#### Dataset excerpt:
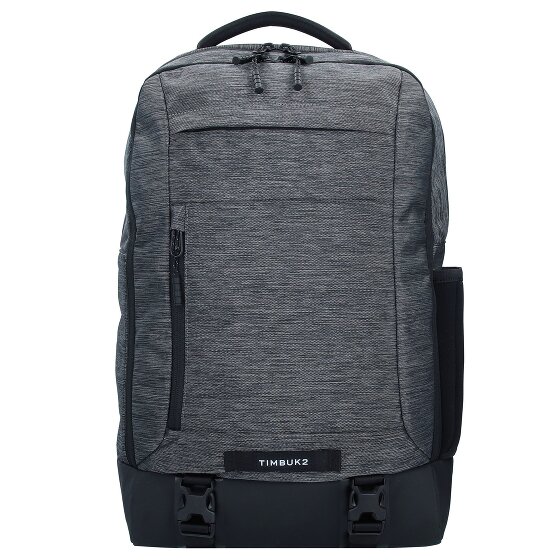 Timbuk2 Zakelijke rugzak 48 cm Laptopvak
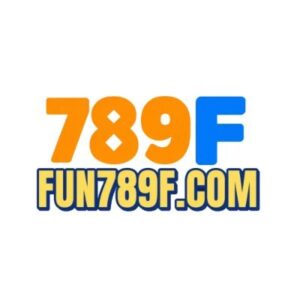 Profile photo of 789F Com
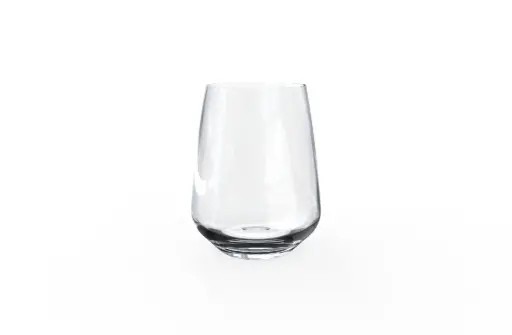 [V1854] VASO MENCIA 47 CL.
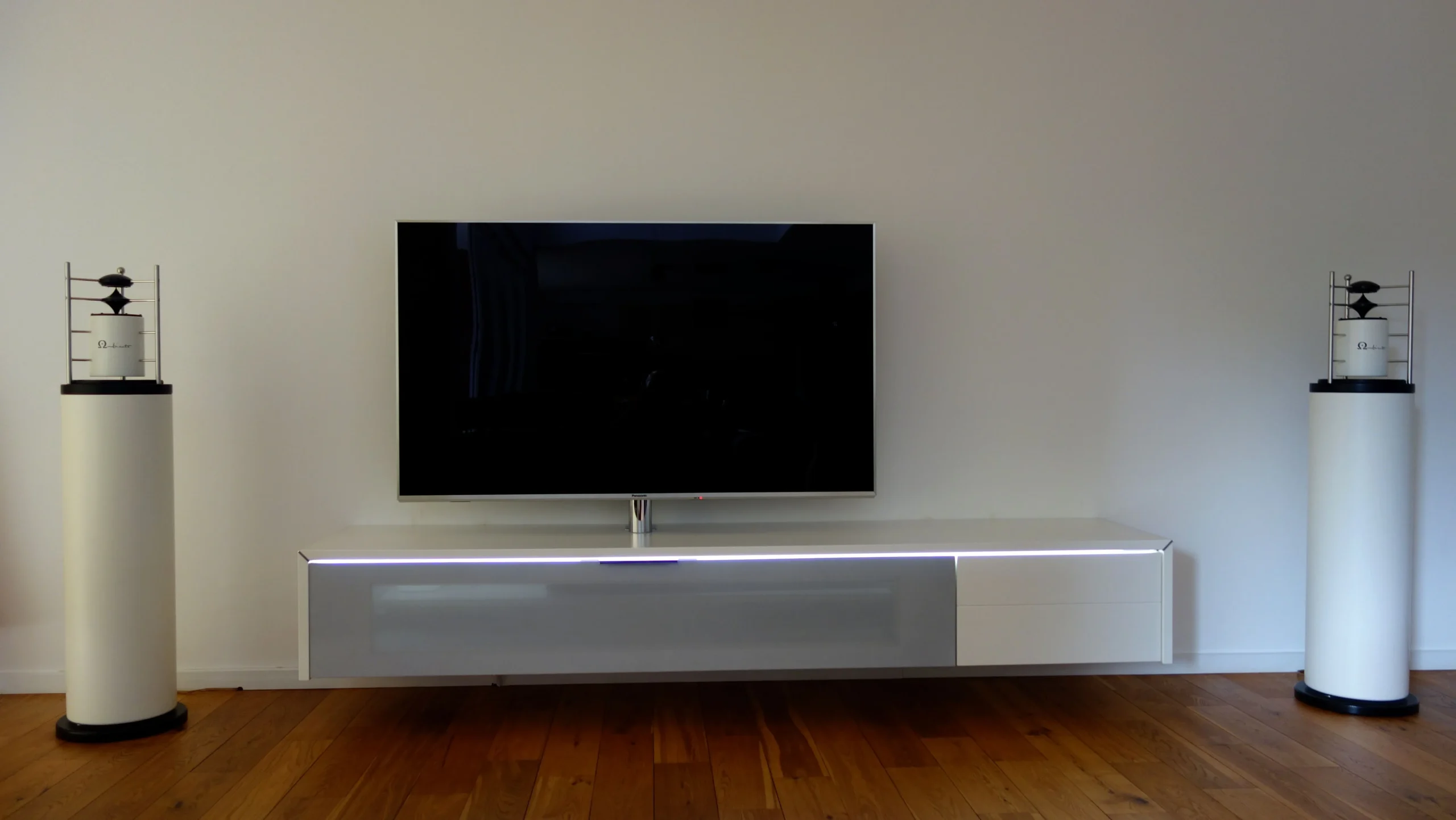 S1 LB-1 - Image 2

#### Prompt:
Write the data out again exactly, but without its images.

#### Solution to this task:
 Timbuk2 Zakelijke rugzak 48 cm Laptopvak
 Profile photo of 789F Com
 [V1854] VASO MENCIA 47 CL.
 S1 LB-1 - Image 2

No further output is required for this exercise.